I helped a neighbor girl get her skirt and apron ready. It took about four hours. She did a good job:

Evan and I had to dress up for a fireside, so I made Evan a cravat so he'd look a little more official. I don't know if it's right, but I worked with what I had (70ish inches long by 2" wide). The fabric is, of course, not right because it's cotton and not starched; I don't know if royal blue is an option. He's not actually wearing the shirt, vest, or cravat on trek, but I hoped by wearing it to the fireside we'd inspire some to get a bit more creative with their clothes. People were shocked that one might actually wear something similar to this in 1856. They thought it was really loud, but so is Evan.

When you make the pic black and white, it doesn't look too bad.

Sunday, May 18, 2014

Skirt Lifters

I've been wondering how to not totally ruin my hem on trek this summer. I thought maybe I'd just hem my dress up, but on the Civilian Civil War Closet Facebook page tonight, I noticed something about "skirt lifters." I haven't researched it yet myself, but apparently they were appropriate in foul weather and dirty working situations. I'd say trek qualifies for that, right? I'm happy to have a more authentic way to shorten my dress!

Jennifer Green shared some pictures as to what they look like from the inside and out:

Jennifer said I could find out more about them on Liz Clark's site, but summarized:
  • petticoats should not show, even if the skirt is tied up, so you need to compensate when tying. Unless you have a work skirt (the skirt of an old dress made into a petticoat. Possibly wool, printed, but not a plain white petticoat).
  • the twill tapes and stitches hide in the folds of your skirt, so when the ties are undone, no one will know they are there.
  • There should be pairs in each seam, and then again in the center of each panel.
  • And Terre Lawson added: made of twill tape. The top set is installed at about the height of my fingertips in the seam lines all the way around inside. The second set is 8 inches down. Then you reach and tie each pair together and it shortens the skirt.
Thank you Jennifer and the CCWC!

Update 5/20/14: I took a minute to check out the topic of skirt lifters at The Sewing Academy, here are Carolann Schmitt's instructions on how to make them:

. . . There is this very nifty period device called a skirt lifter. It costs about $2.00 and takes about 30 minutes to make. 

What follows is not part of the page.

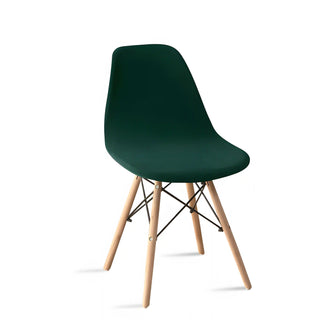 Nobleza - Housse de chaise en arc en Velours Vert foncé sur fond gris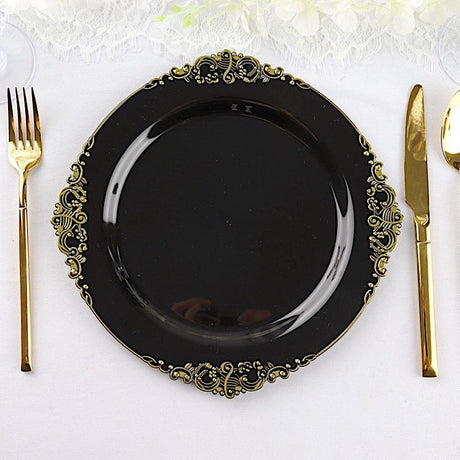 10 Round Plastic Salad Dinner Plates with Embossed Baroque Rim - Disposable Tableware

Turn your skirt inside out. 
* Mark each seam allowance 9"-12" from the bottom edge. 
* Place a second mark 9"-12" above each of the first marks.
* If your skirt panels are 45" wide, put corresponding marks in the center of each panel. If the fabric is heavy, divide each panel vertically into thirds and put two sets of marks on each panel.
* If your skirt panels are 60" wide, put two or three sets of corresponding marks in each panel.
* Cut a piece of 1/4"-1/2" wide cotton or linen twill tape into 12"-15" lengths. You'll need one piece of tape for each mark.
* Sew one end of each piece of tape to each mark. Use a stacked backstitch (one stitch on top of the next) for the marks in the centers of the skirt panels. The little 'dot' of stitching will disappear in the folds of the skirt.
* To shorten skirt, tie the ends of each pair of tapes together. This will allow you to shorten the skirt from 4"-10", and will create a pretty draped effect on the skirt.